Gerald Franzl

Path selection methods with multiple constraints in service-guaranteed WDM networks

We propose a new approach to constraint-based path selection for dynamic routing and wavelength allocation in optical networks based on WDM. Our approach considers service-specific path quality attributes, such as physical layer impairments, reliability, policy, and traffic conditions, and uses a flooding-based transfer of path information messages from source to destination to find multiple feasible paths. It is fully decentralized, as it uses local network state information. To better understand how multiple constraints impact the efficiency of wavelength routing, and consequently provision the service guarantees, we specifically focus on electronic regenerators that, while being widely considered as the basic building blocks for optical switching nodes, are likely to impose conflicting constraints on routing. For example, electronic regenerators extend the optical reach and could perform wavelength shifting, but also induce impairments, such as delays and operational costs.
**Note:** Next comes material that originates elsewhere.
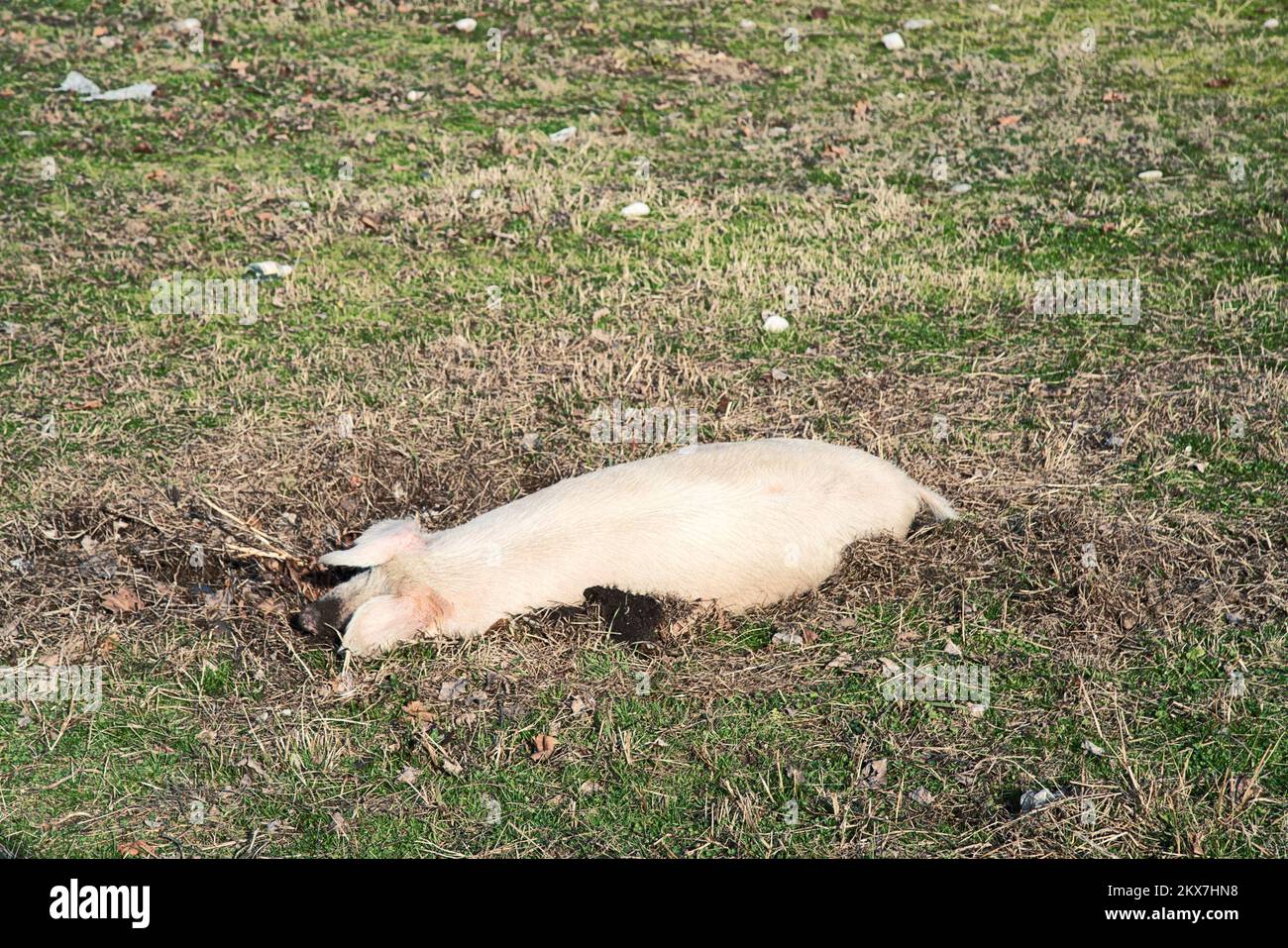 A white pig burrowed into the spring mud Stock Photo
The question for constraint-based routing is how to account for these conflicting effects. To validate the network modeling, a wide range of networking scenarios are simulated, such as ring, mesh and interconnections of all-optical networks with electronic gateways. For all these scenarios, our approach is shown to efficiently accommodate multiple, conflicting routing metrics related to different services and network architectures.

Constraint-based path selection methods for on-demand provisioning in WDM networks

We propose a framework for decentralized path selection and on-demand wavelength channel provisioning in WDM networks with routing constraints. Within this framework, the path information of choice, such as transmission quality, reliability, policy and traffic conditions, is updated following a connection request, based on a local, autonomous and service-differentiated characterization of optical network elements. It is this local and autonomous network state information that makes our approach particularly suitable for distributed implementation, and applicable to optical network architectures and control protocols that support service level guarantees. To illustrate this, we study mesh networks consisting of transparent, short-reach networking segments interconnected by long-reach WDM links with electronically regenerative gateways, where different link types show different SNR degradation, reliability and delay. On the example of electronically regenerative gateways, we address a new class of constraint-based path selection problems, where a certain a type of network element can at the same time deteriorate and improve network performance; e.g. electronic regenerators improve optical path quality and can adapt to wavelengths, but induce delays or operational costs. The performance study has shown the capability of our methods to accommodate arbitrary number and type of optical path properties, related to different network architectures and services.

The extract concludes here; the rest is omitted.